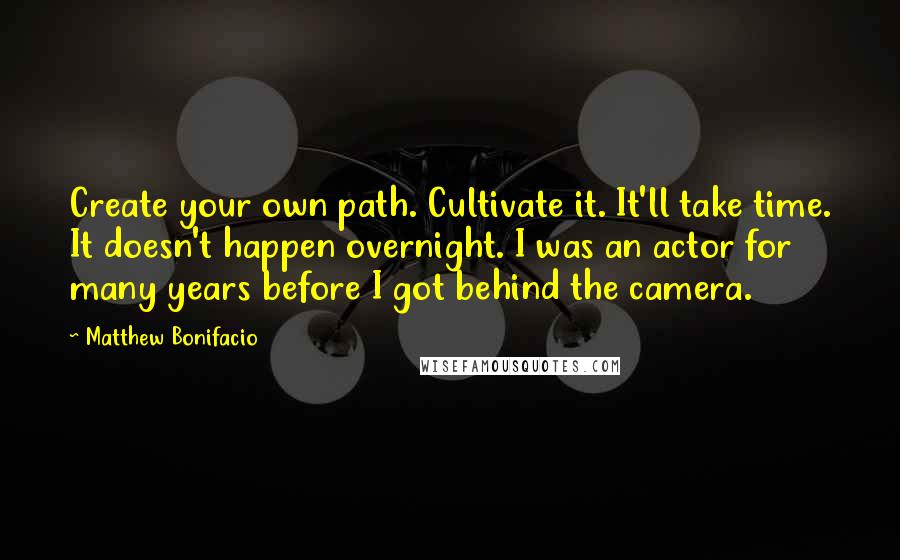 Matthew Bonifacio quotes: Create your own path. Cultivate it. It'll take time. It doesn't happen overnight. I was an actor for many years before I got behind the camera.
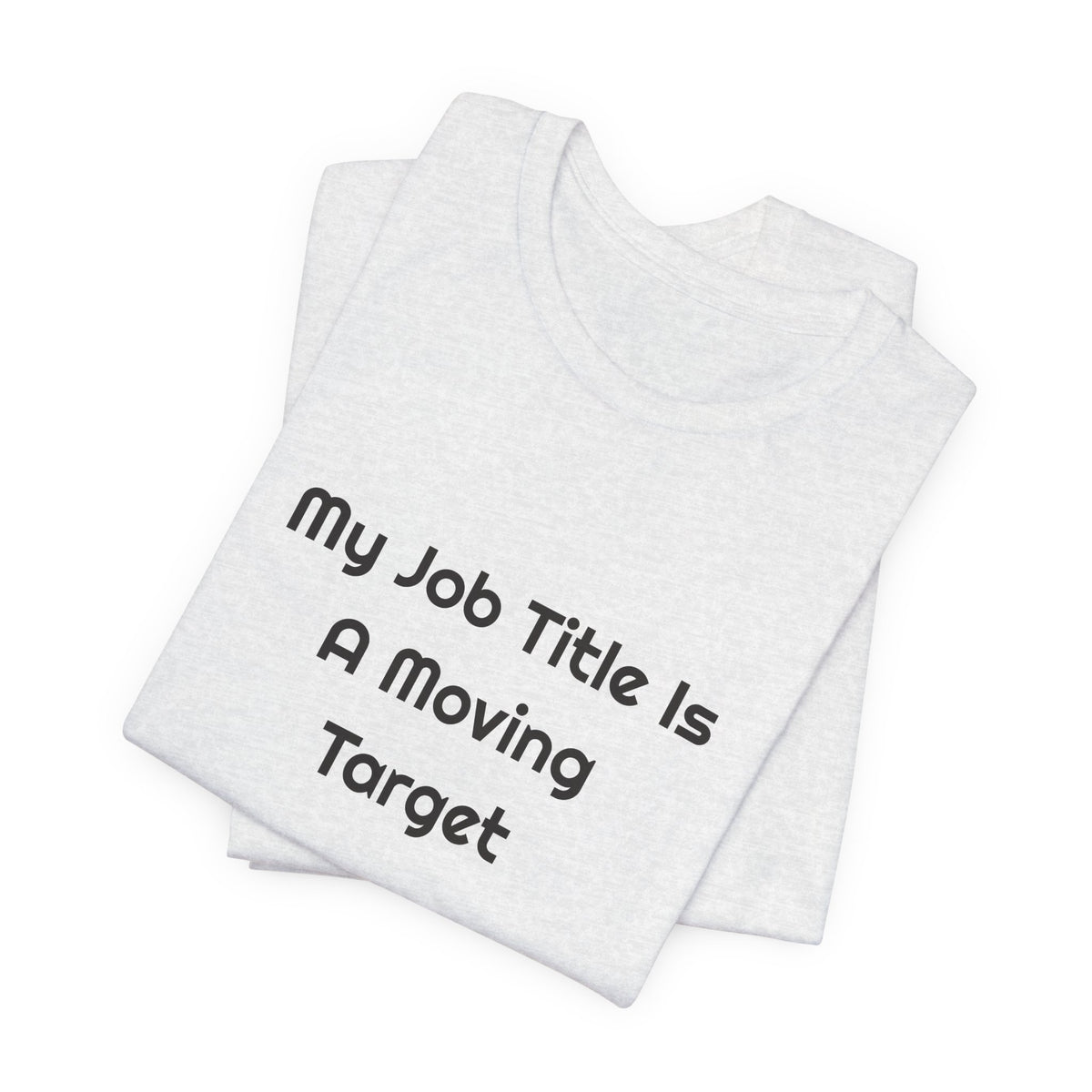 My Job Title Is A Moving Target DTG Printed for Office Laughs T-shirt – original NewGiftDay design, view 14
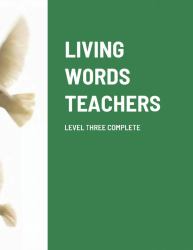 Living Words Teachers Level Three Complete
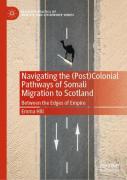 Navigating The (Post)Colonial Pathways Of Somali Migration To Scotland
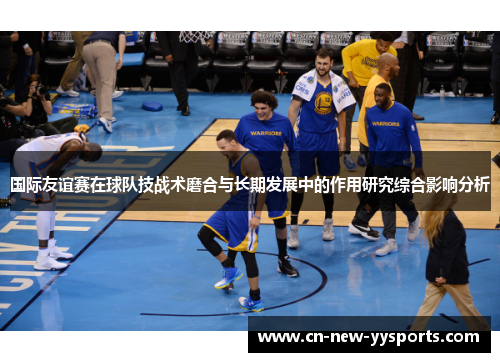 国际友谊赛在球队技战术磨合与长期发展中的作用研究综合影响分析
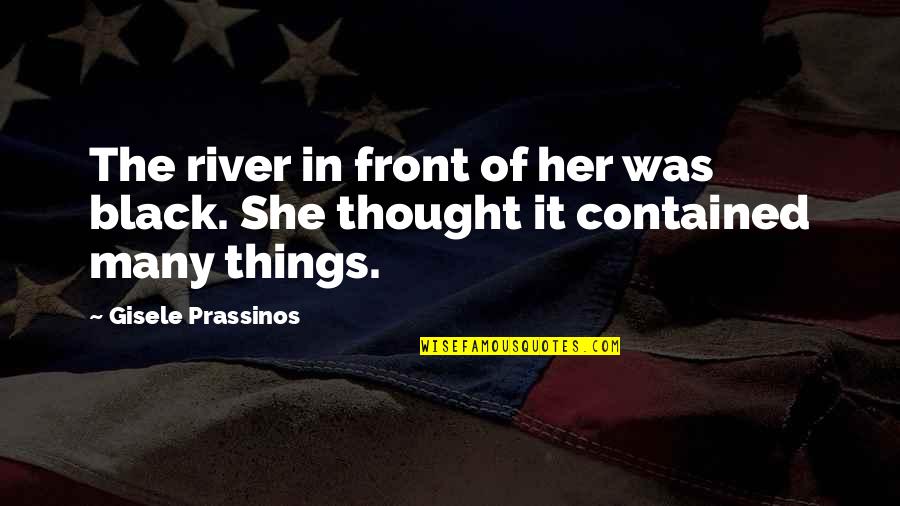 Contained Quotes By Gisele Prassinos: The river in front of her was black.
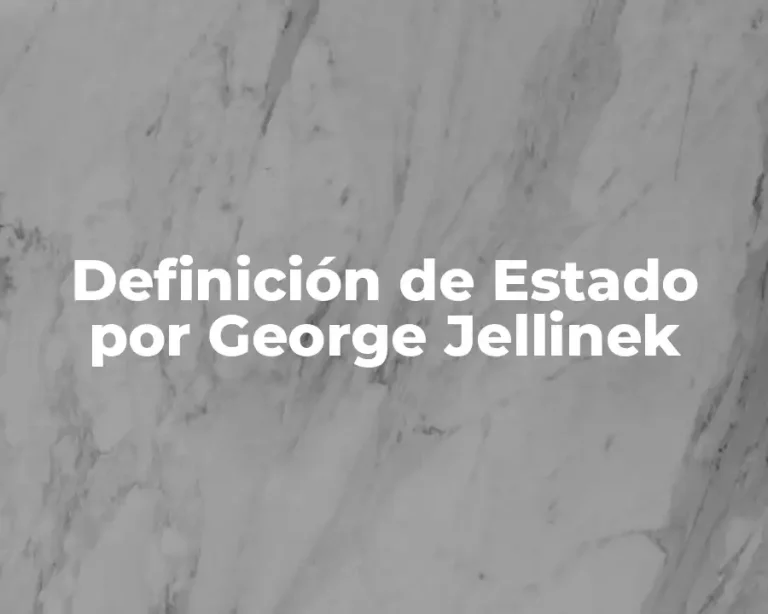 Definición de Estado por George Jellinek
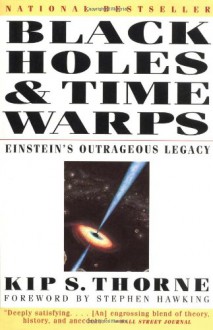 Black Holes and Time Warps: Einstein's Outrageous Legacy (Commonwealth Fund Book Program) - Frederick Seitz,Kip S. Thorne,Stephen Hawking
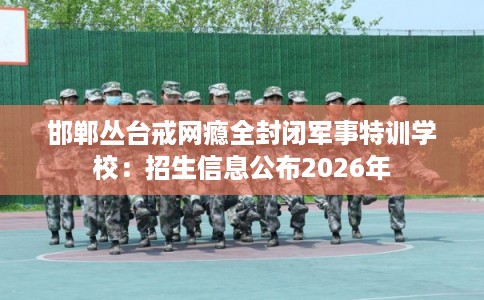 邯郸丛台戒网瘾全封闭军事特训学校：招生信息公布2026年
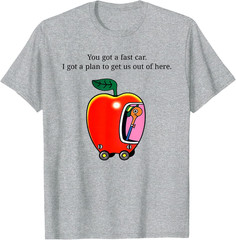 You got a Fast car. I got a Plan to get us Out of here T-Shirt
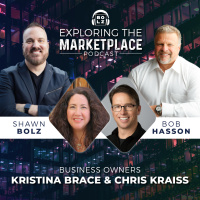Exploring the Marketplace with Shawn Bolz and Bob Hasson: Featured Guests Business Owners, Kristina Brace and Chris Kraiss (S1, E 7)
====
Pictures must be left out when the records are transcribed exactly.

### Output for this exercise
 Matthew Bonifacio quotes: Create your own path. Cultivate it. It'll take time. It doesn't happen overnight. I was an actor for many years before I got behind the camera.
 My Job Title Is A Moving Target DTG Printed for Office Laughs T-shirt – original NewGiftDay design, view 14
 Living Words Teachers Level Three Complete
 Navigating The (Post)Colonial Pathways Of Somali Migration To Scotland
 国际友谊赛在球队技战术磨合与长期发展中的作用研究综合影响分析
 Contained Quotes By Gisele Prassinos: The river in front of her was black.
 Definición de Estado por George Jellinek
 Black Holes and Time Warps: Einstein's Outrageous Legacy (Commonwealth Fund Book Program) - Frederick Seitz,Kip S. Thorne,Stephen Hawking
 邯郸丛台戒网瘾全封闭军事特训学校：招生信息公布2026年
 You got a Fast car. I got a Plan to get us Out of here T-Shirt
Exploring the Marketplace with Shawn Bolz and Bob Hasson: Featured Guests Business Owners, Kristina Brace and Chris Kraiss (S1, E 7)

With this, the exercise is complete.